8 thoughts on “First Aid for Guinea pigs

  • October 26, 2016 at 6:31 am

    Hi Emma
    I’ve found that so many people don’t comb their Guinea Pigs. Talking about the long haired variety in particular of course.
    Have you reviewed and compared which brushes are best? I’d love to see a comparative rating.
    I must admit I’ve never thought of weighing my Guinea Pig. I just kind of eyeball its progress. But that is a helpful tip.

    • October 26, 2016 at 6:58 am

      Hi Keith

      Yes, weight loss is one of the first signs that something is wrong, sometimes the only sign! Unfortunately it isn’t enough just to look at them so I would weight your guinea pig every week to be certain.

      Yep it is amazing how many people don’t groom their guinea pigs properly! I feel guilty if I miss out one day! Have you thought about getting your one a friend? 🙂

  • October 26, 2016 at 6:35 am

    Hi there,

    Excellent go to list for first aid for guinea pigs. I have been thinking about getting one for my kids. They would love to have one of these as their new furry friend.

    I am going to bookmark this page so that I can refer to it in time if need. Also thanks for the heads up on information to provide for our vet.

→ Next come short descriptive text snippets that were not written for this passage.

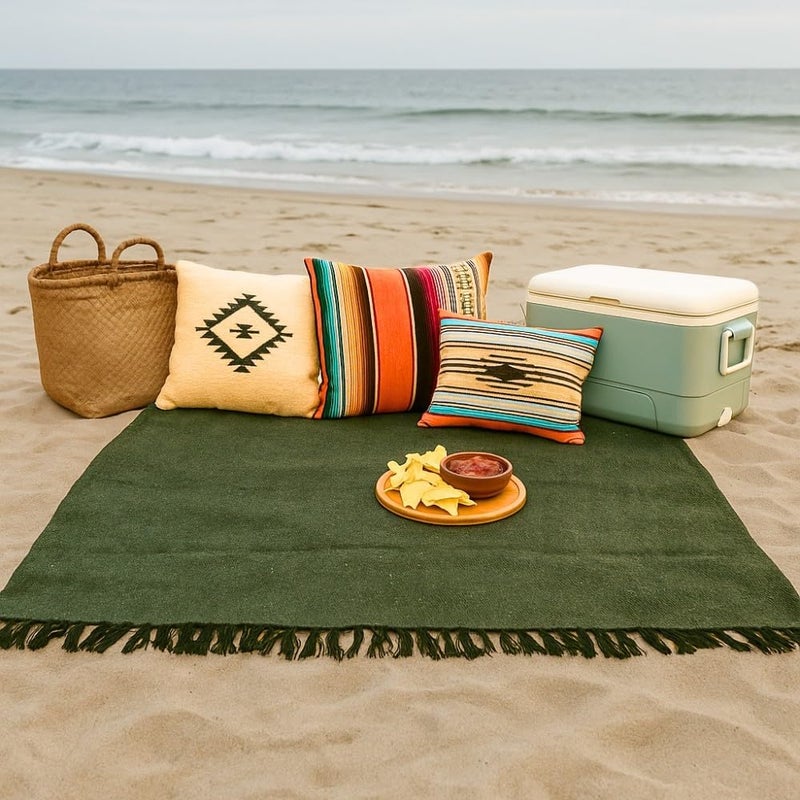 Open Road Goods Solid Color Mexican Yoga Blanket – Large Handwoven Throw for Yoga, Beach, Camping or Home – Soft and Durable Cotton Blend - Image 4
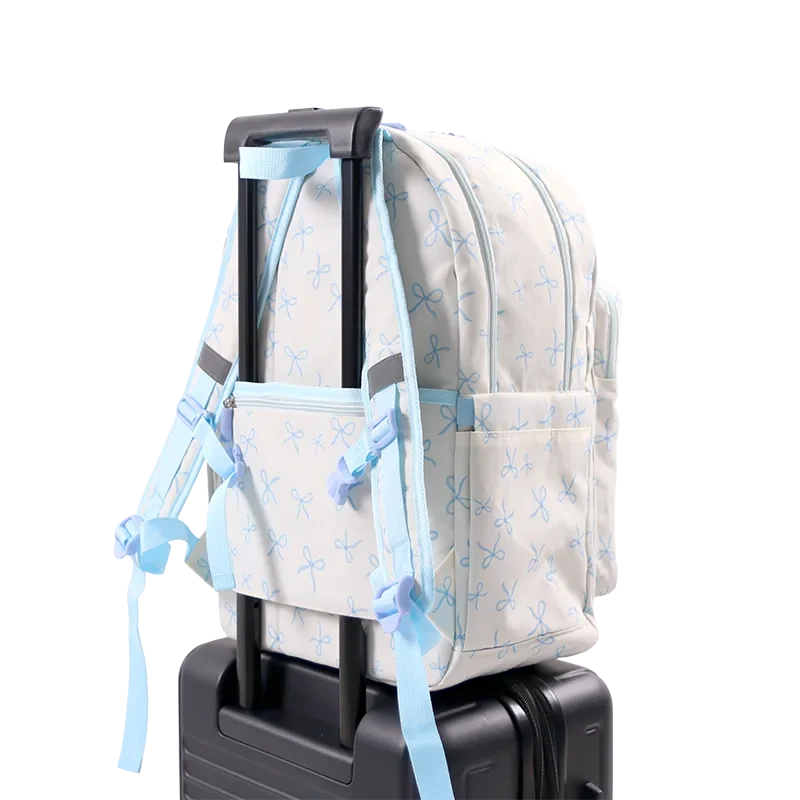 J World Zenpack Laptop Backpack in Blue Bows — angle view 3 # color_Blue Bows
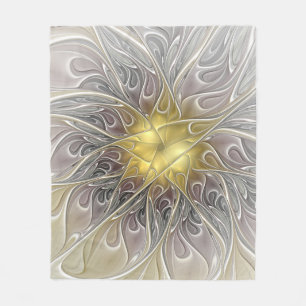 Frodas med guld Modern Abstrakt Fraktal Blomma Fleecefilt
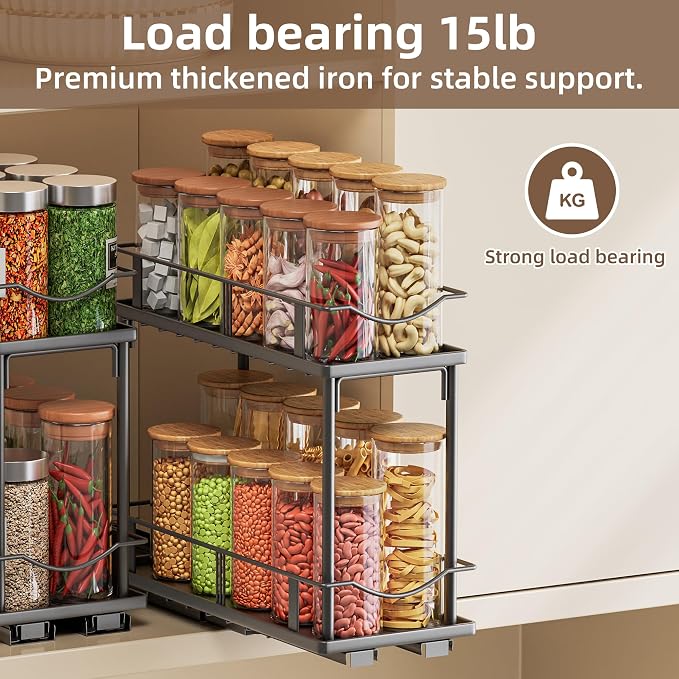 Bunoxea Pull Out Spice Rack 2 Pack,Slide Out Cabinet Spice Rack,Black | 2-Tier Rack, Full Extension Ball Bearing Glides, 10.7"Dx4.8"Wx8.85"H, Kitchen Pantry,Narrow Cabinet Spice Storage Organizer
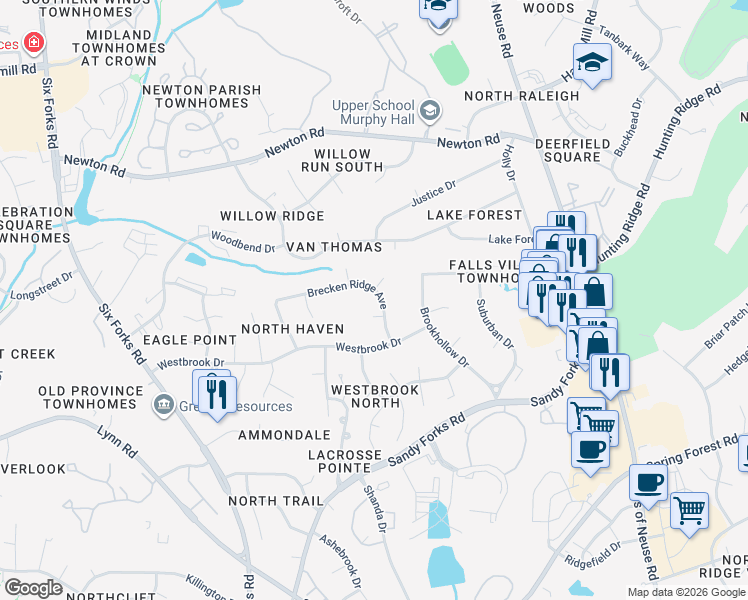 map of restaurants, bars, coffee shops, grocery stores, and more near 7105 Brecken Ridge Avenue in Raleigh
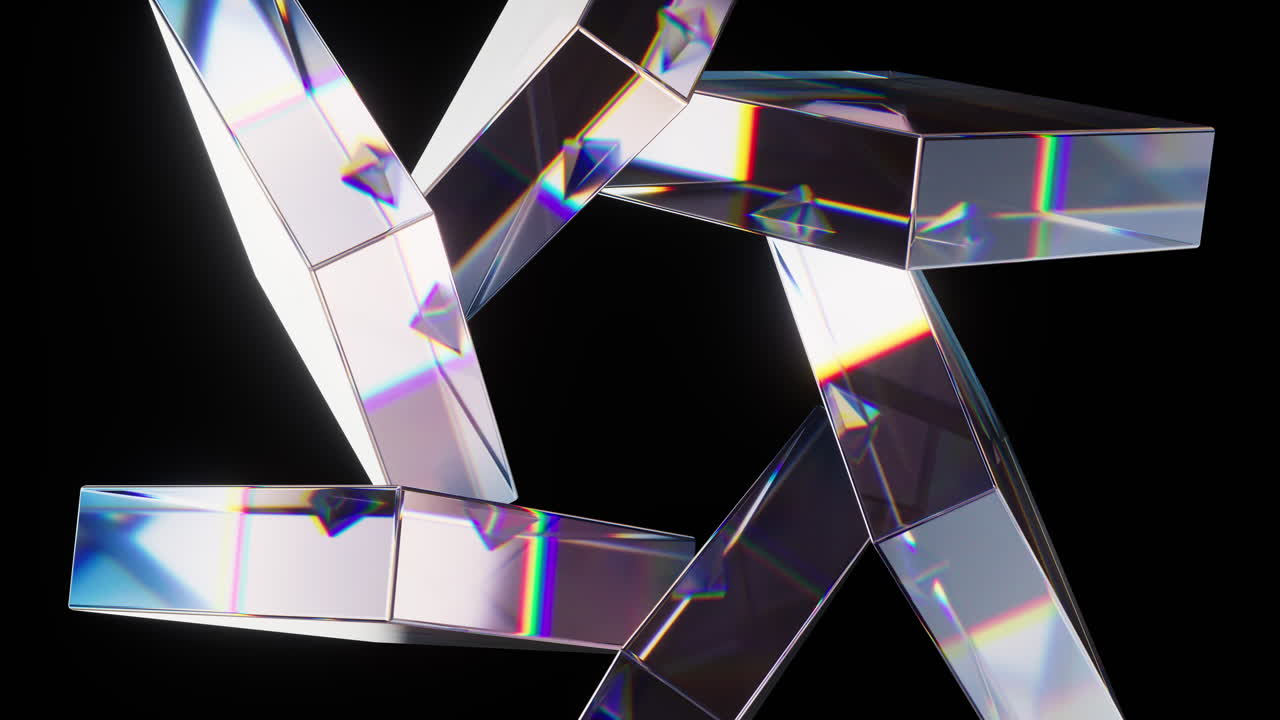 geometrías de vidrio con colores de dispersión, renderización en 3d.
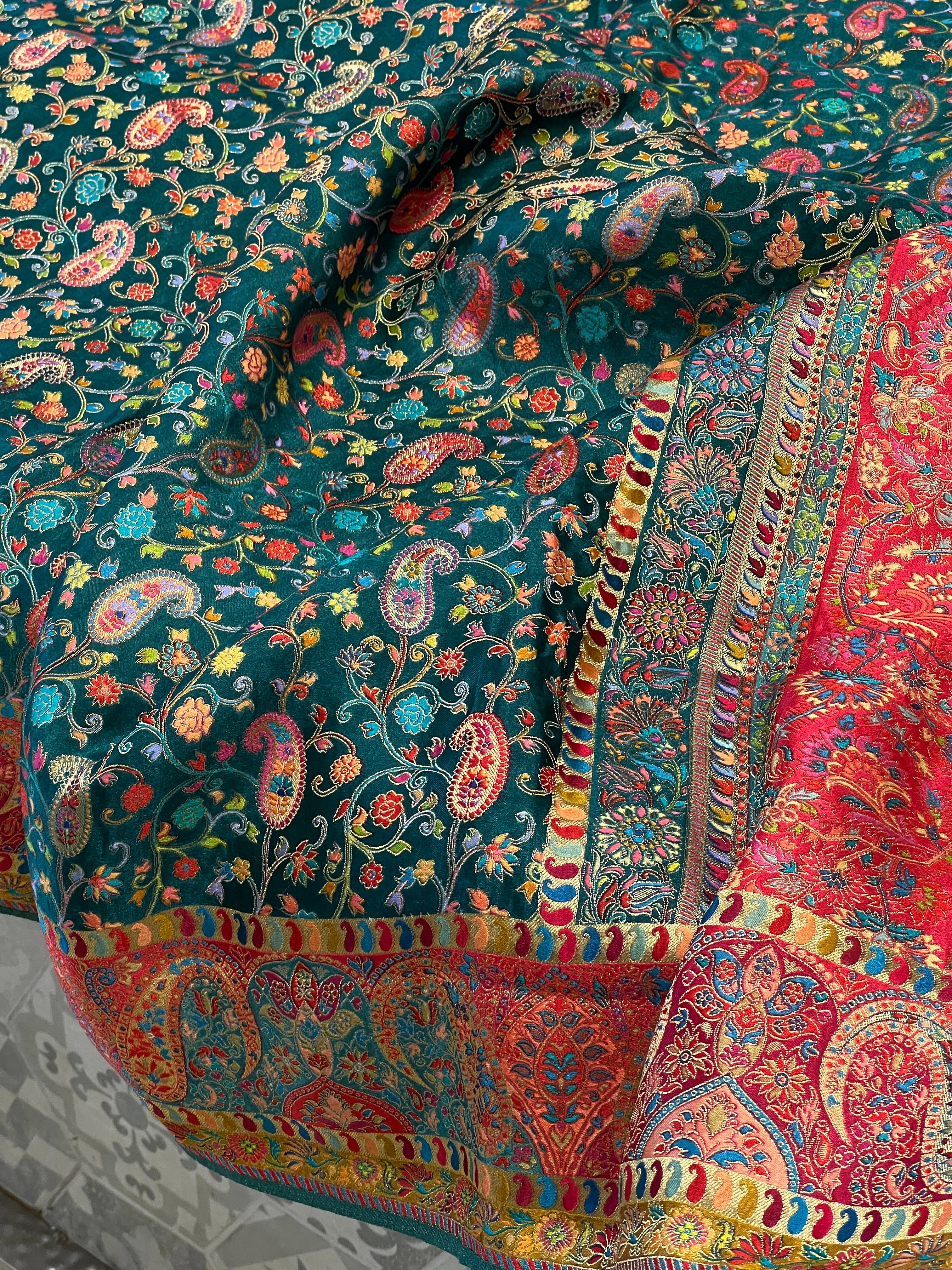 Marble Green Meenakari Jaal Modal Satin Saree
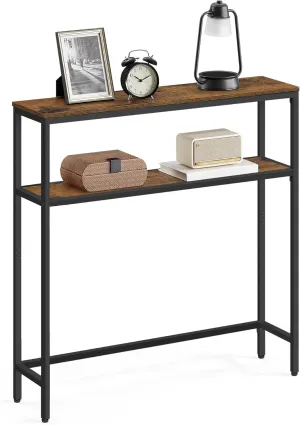 VASAGLE Console Table, 2-Tier Sofa Tables, 7.9 x 31.5 x 31.5 Inches, Narrow Entryway Table, Modern Entry Tables with 2 Shelves, for Living Room, Bedroom, Rustic Brown and Ink Black ULNT130K01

This will be helpful.

    What are some emergencies that I must take our guinea pig to the vet for without trying to remedy it at home?


    • October 26, 2016 at 6:56 am

      Hi Jonathan!

      This is great! I hope these new furry animals will give your children as much pleasure as they have done for me 🙂 My first piece of advise to you is to to get two, not one so that they won’t get depressed and lonely! You will need to make sure that they get checked up on to make sure that they don’t have any lumps…

      Abscesses which will require draining at the vet

      Sores around the mouth need to be tested for the right treatment to be given

      Anything abnormal like

      -being lethargic

      -not eating

      -weight loss (weigh your guineas every week)

      -sores on mouth or nose

      -head tilt


      -impaction of the genitals

      It is always a good idea to check your piggies over every day to make sure they are healthy and not hiding anything. Guinea pigs usually hide their illnesses until it is too late because in the wild a predator might spot them and target a poorly pig.

  • October 27, 2016 at 12:16 pm

    This information isn’t only helpful for guinea pig owners, but also for the vets. At the clinic where I work, we see mostly dogs and cats and whenever a guinea pig comes in, we have to scour the books for treatment options. That list of antibiotics will help us to be better prepared. Thank you.

    • October 27, 2016 at 6:45 pm

      Fantastic! I’m so glad that I could help you out 🙂

  • November 4, 2016 at 12:15 am

    I found this article so helpful! I know my guinea pigs used to always get hay poke. But we never took them to the vet, we usually let them ride it out. But we were new to the whole guinea pig experience and didn’t realize it was a serious condition. Wish I knew about rinsing their eyes out for relief. Though I am glad I never had to deal with lice. We did have one guinea pig who refused food for a long time, she didn’t like taking puree through the “shot” device the vet recommended. Any other suggestions for feeding sick guinea pigs who do not want to eat?

    • November 4, 2016 at 1:05 am

      Food refusal is a serious symptom because guinea pigs need to eat almost constantly everyday to wear their teeth down. If the vet has ruled out dental problems and all the other possible causes, it is anorexia which is loss of appetite due to either stress, reaction to medications or a change of environment.

      All that I can recommend is to keep a packet of critical care at home for emergencies like this. After a couple of weeks of taking this, she should start to gain some appetite. Bearing in mind that if a guinea pig is not eating then she will need her teeth clipped by the vet every few days as teeth grow constantly.